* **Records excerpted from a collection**
⟨

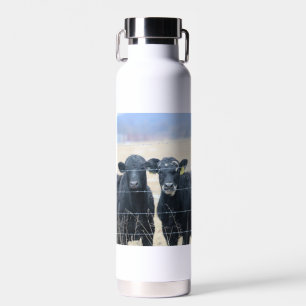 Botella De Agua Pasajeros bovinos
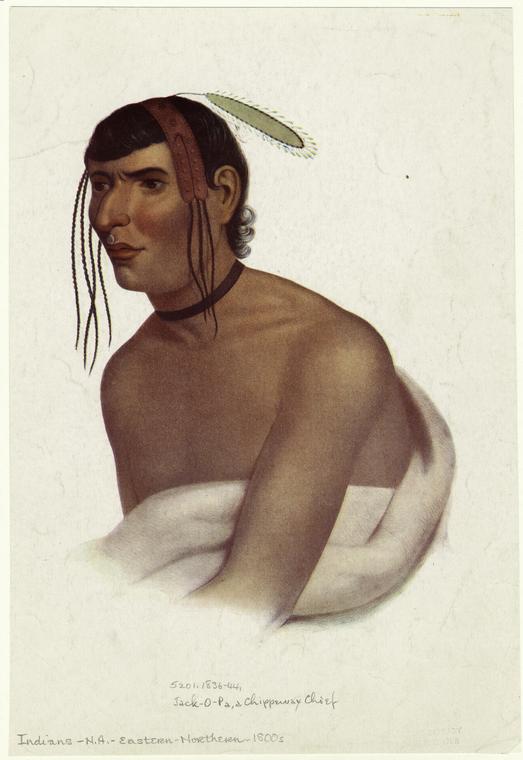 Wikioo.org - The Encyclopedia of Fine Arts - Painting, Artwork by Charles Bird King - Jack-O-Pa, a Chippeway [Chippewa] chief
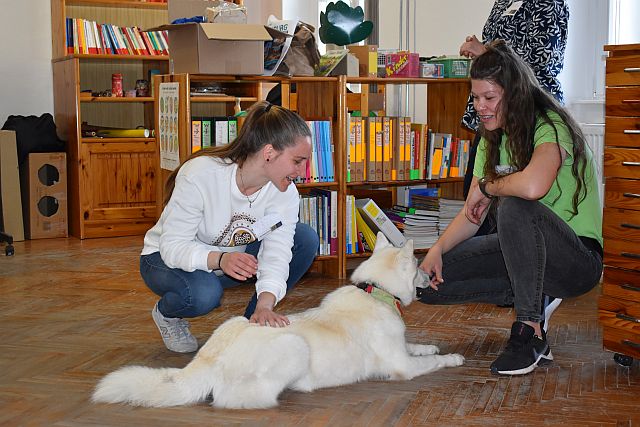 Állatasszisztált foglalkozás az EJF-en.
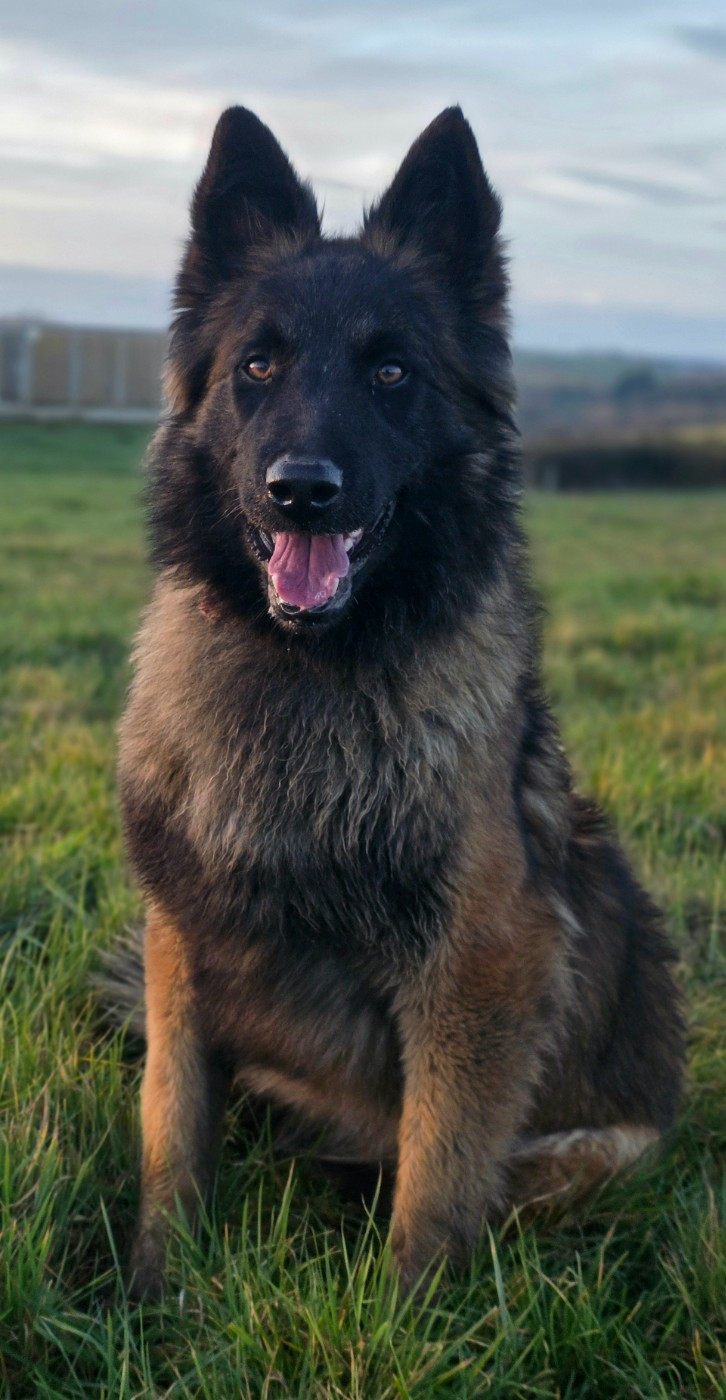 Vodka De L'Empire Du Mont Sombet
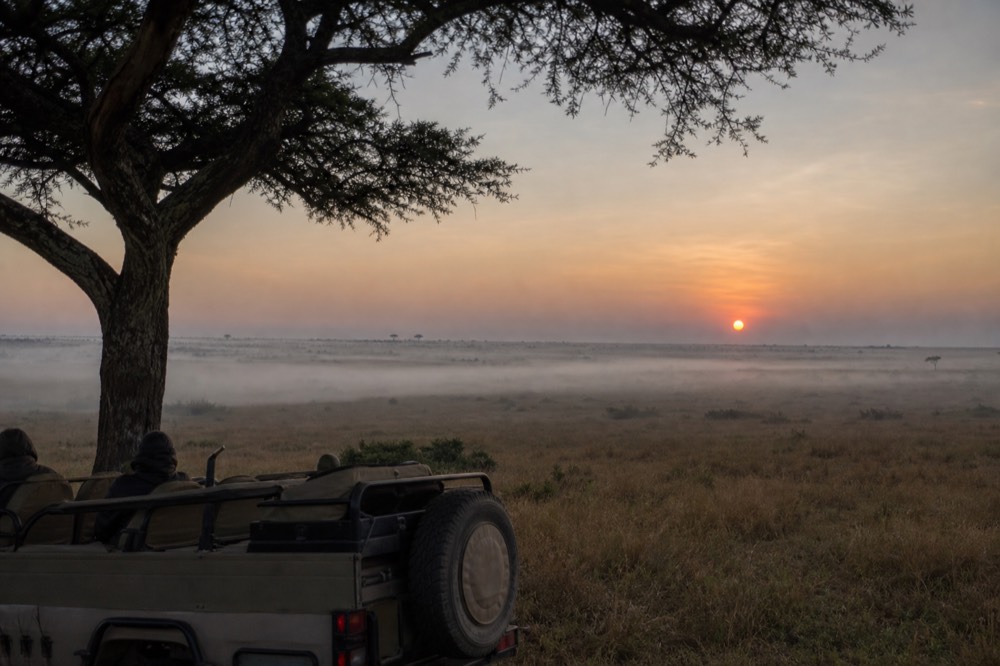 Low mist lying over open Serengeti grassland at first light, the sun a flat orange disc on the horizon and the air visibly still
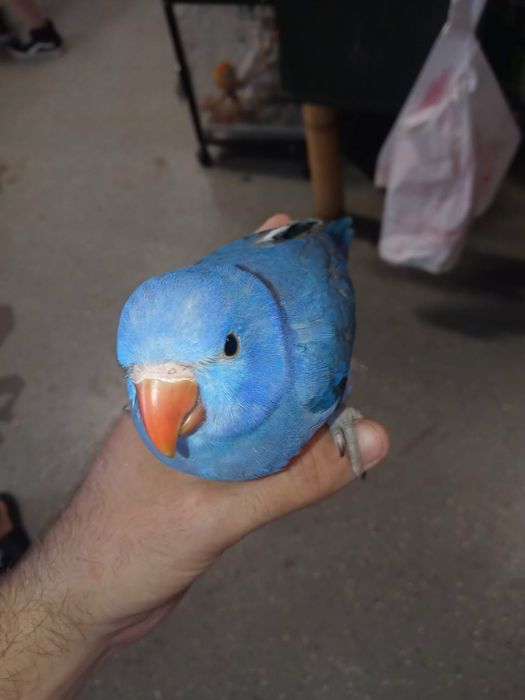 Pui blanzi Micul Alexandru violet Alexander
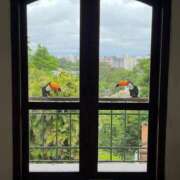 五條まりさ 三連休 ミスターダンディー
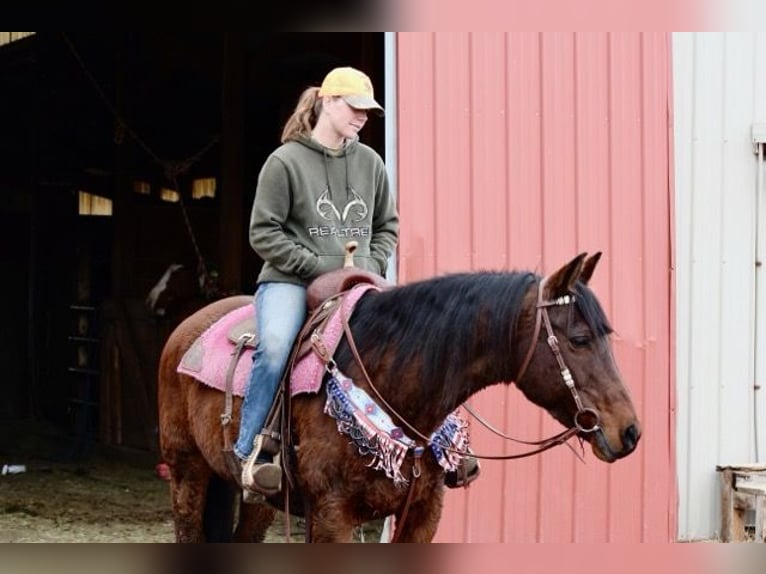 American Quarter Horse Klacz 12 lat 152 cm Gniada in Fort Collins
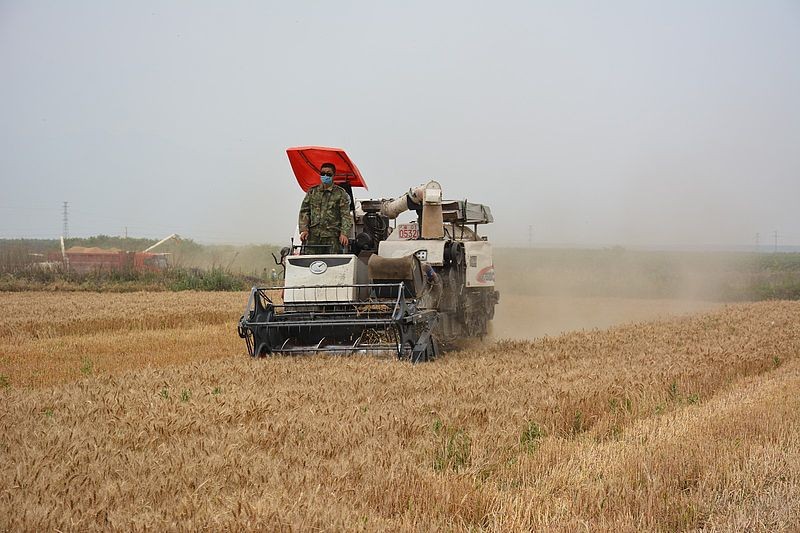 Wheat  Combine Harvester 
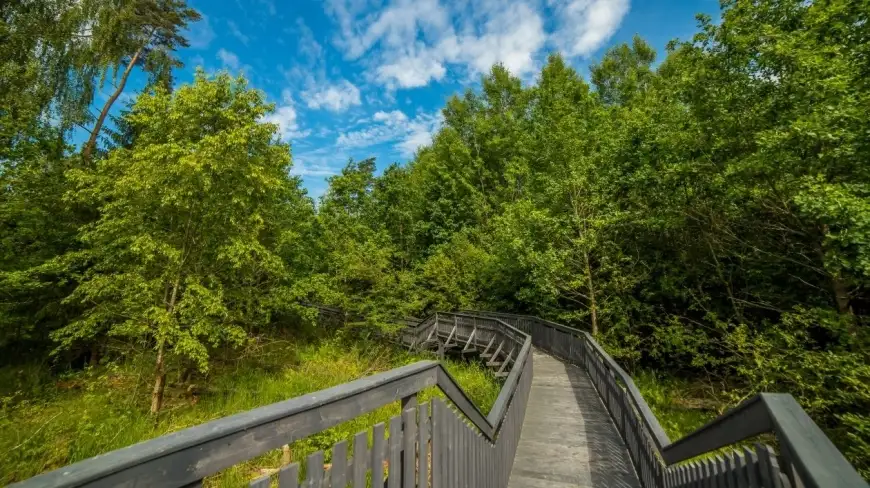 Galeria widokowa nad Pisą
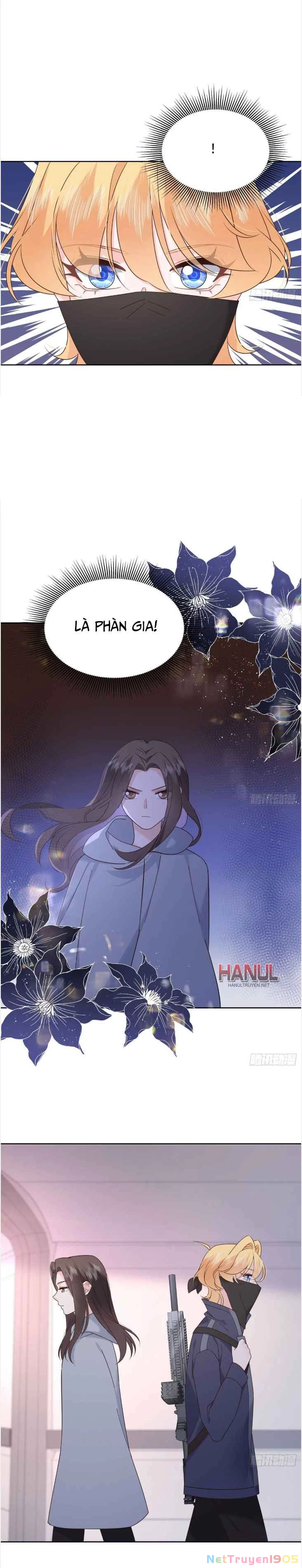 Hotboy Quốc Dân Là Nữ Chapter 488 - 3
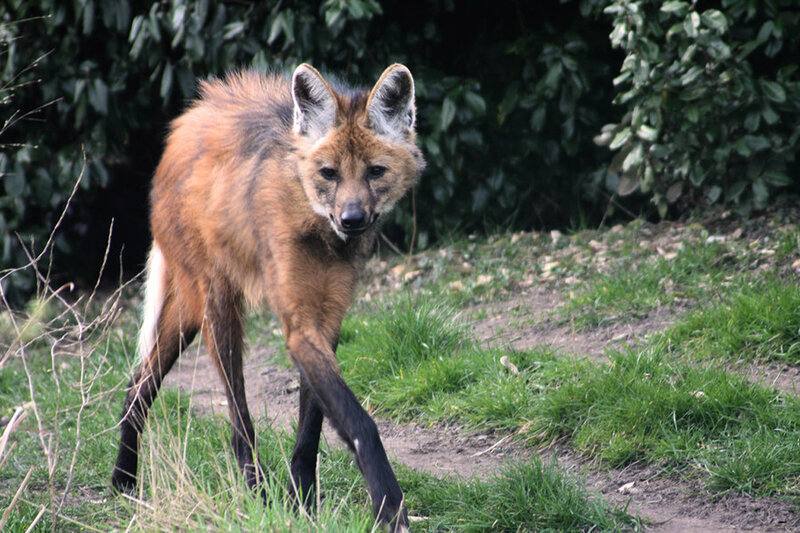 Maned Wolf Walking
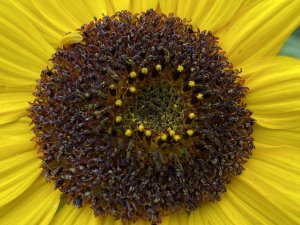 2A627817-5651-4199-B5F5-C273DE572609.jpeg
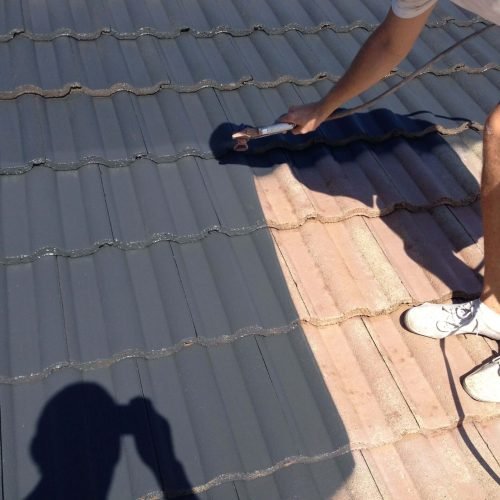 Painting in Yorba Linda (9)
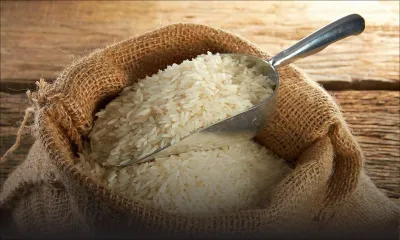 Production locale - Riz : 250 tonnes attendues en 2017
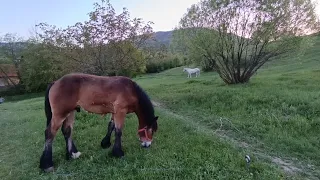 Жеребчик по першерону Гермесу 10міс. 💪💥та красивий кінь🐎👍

⟩

* **Exercise aim**
Copy out only the lines from the one containing "2A627817-5651-4199-B5F5-C273DE572609.jpeg" to the end of the entries, unchanged. Drop the pictures.

* **Answer area**
 2A627817-5651-4199-B5F5-C273DE572609.jpeg
 Painting in Yorba Linda (9)
 Production locale - Riz : 250 tonnes attendues en 2017
 Жеребчик по першерону Гермесу 10міс. 💪💥та красивий кінь🐎👍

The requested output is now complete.